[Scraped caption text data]
______________________________
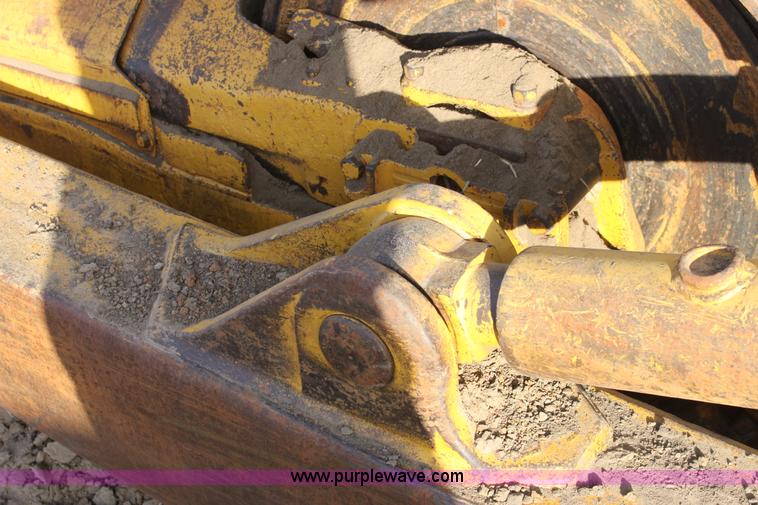 image for item E8258 1968 Caterpillar D8H dozer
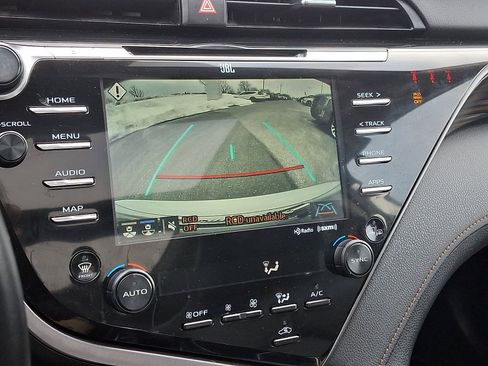 Used 2019 Toyota Camry XLE w/ Navigation Package image 17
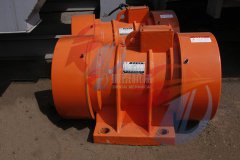 南陽(yáng)鎮(zhèn)平振動(dòng)電機(jī)VB-1584-W(5臺(tái))已發(fā)出，請(qǐng)姜經(jīng)理注意查收！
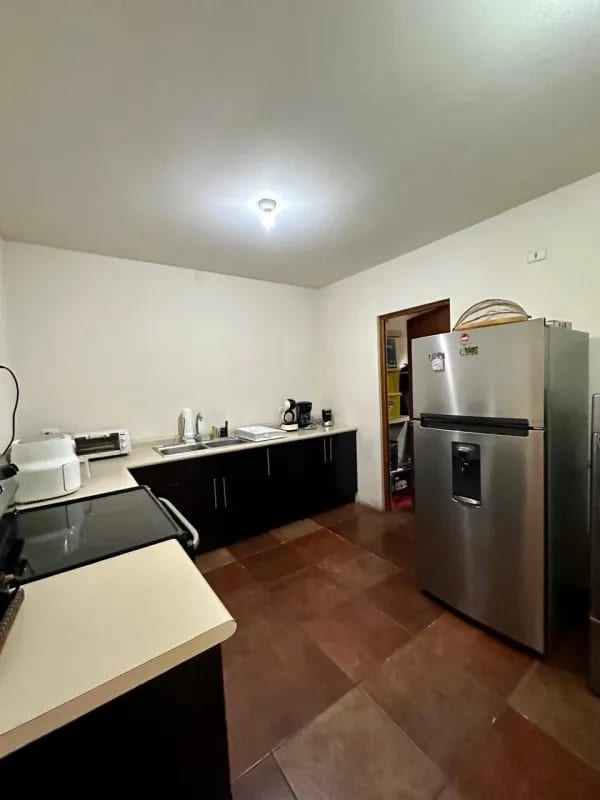 Casa con estilo moderno en Venta Condominio Km. 14 — Casa en Venta en Carretera a El Salvador, Guatemala, Ciudad — foto 4 de 8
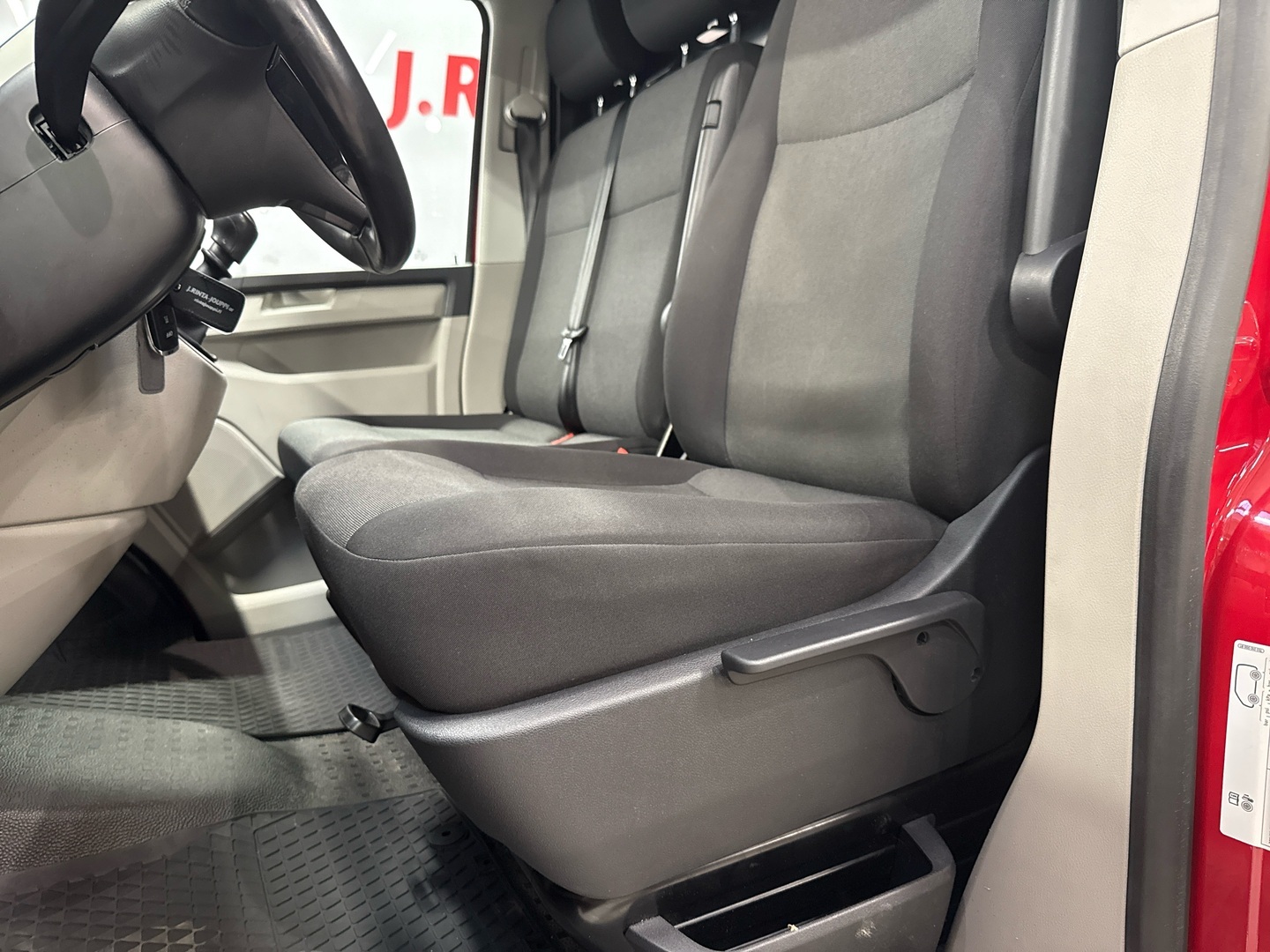 VOLKSWAGEN Transporter 2019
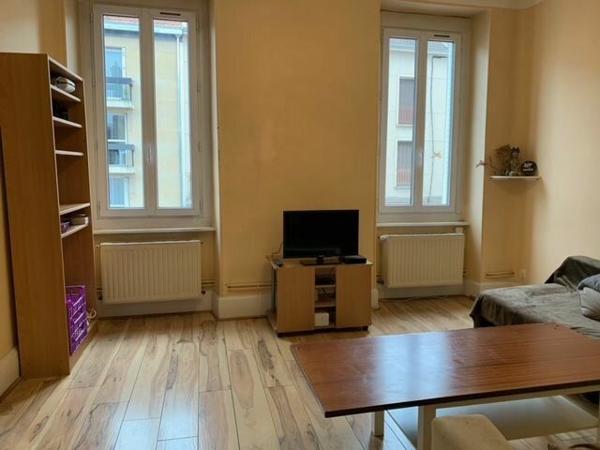 Appartement à louer    2 pièces •  Le Creusot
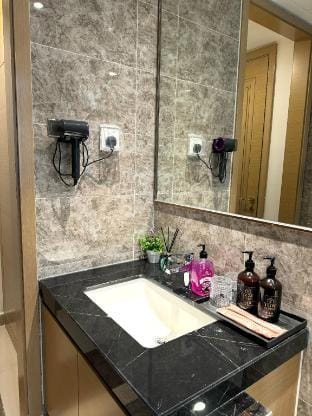 R&F Studio Swimming View By TGW STUDIO Apartment in Johor Bahru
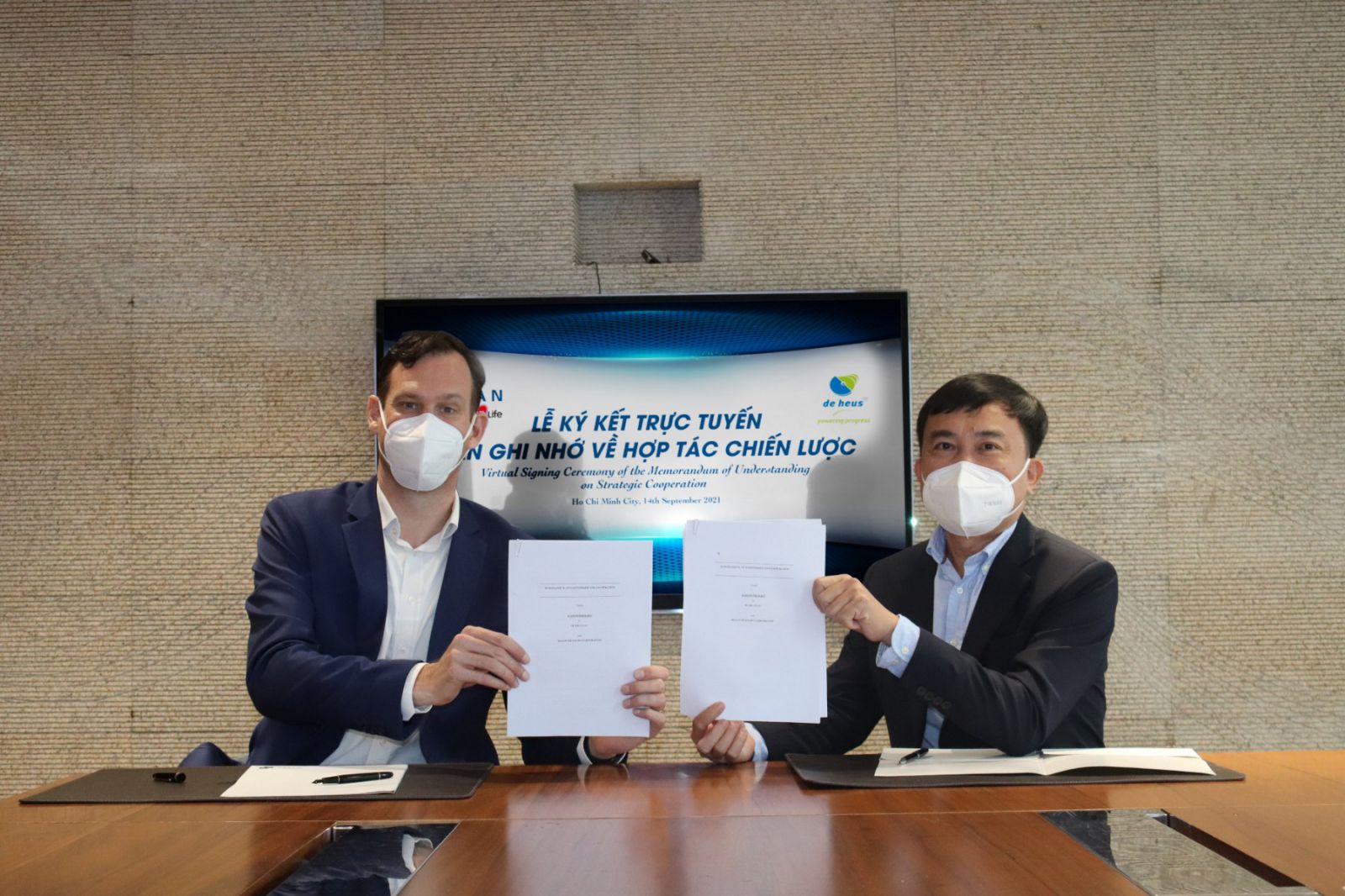 Ông Gabor Fluit (trái), Tổng giám đốc De Heus Châu Á và ông Phạm Trung Lâm (phải), Tổng Giám đốc Masan MEATLife hoàn tất ký kết MOU.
______________________________
-- TRY IT --
Leaving aside the images, write out every entry above exactly.

-- ANSWER SPACE --
 image for item E8258 1968 Caterpillar D8H dozer
 Used 2019 Toyota Camry XLE w/ Navigation Package image 17
 南陽(yáng)鎮(zhèn)平振動(dòng)電機(jī)VB-1584-W(5臺(tái))已發(fā)出，請(qǐng)姜經(jīng)理注意查收！
 Casa con estilo moderno en Venta Condominio Km. 14 — Casa en Venta en Carretera a El Salvador, Guatemala, Ciudad — foto 4 de 8
 VOLKSWAGEN Transporter 2019
 Appartement à louer    2 pièces •  Le Creusot
 R&F Studio Swimming View By TGW STUDIO Apartment in Johor Bahru
 Ông Gabor Fluit (trái), Tổng giám đốc De Heus Châu Á và ông Phạm Trung Lâm (phải), Tổng Giám đốc Masan MEATLife hoàn tất ký kết MOU.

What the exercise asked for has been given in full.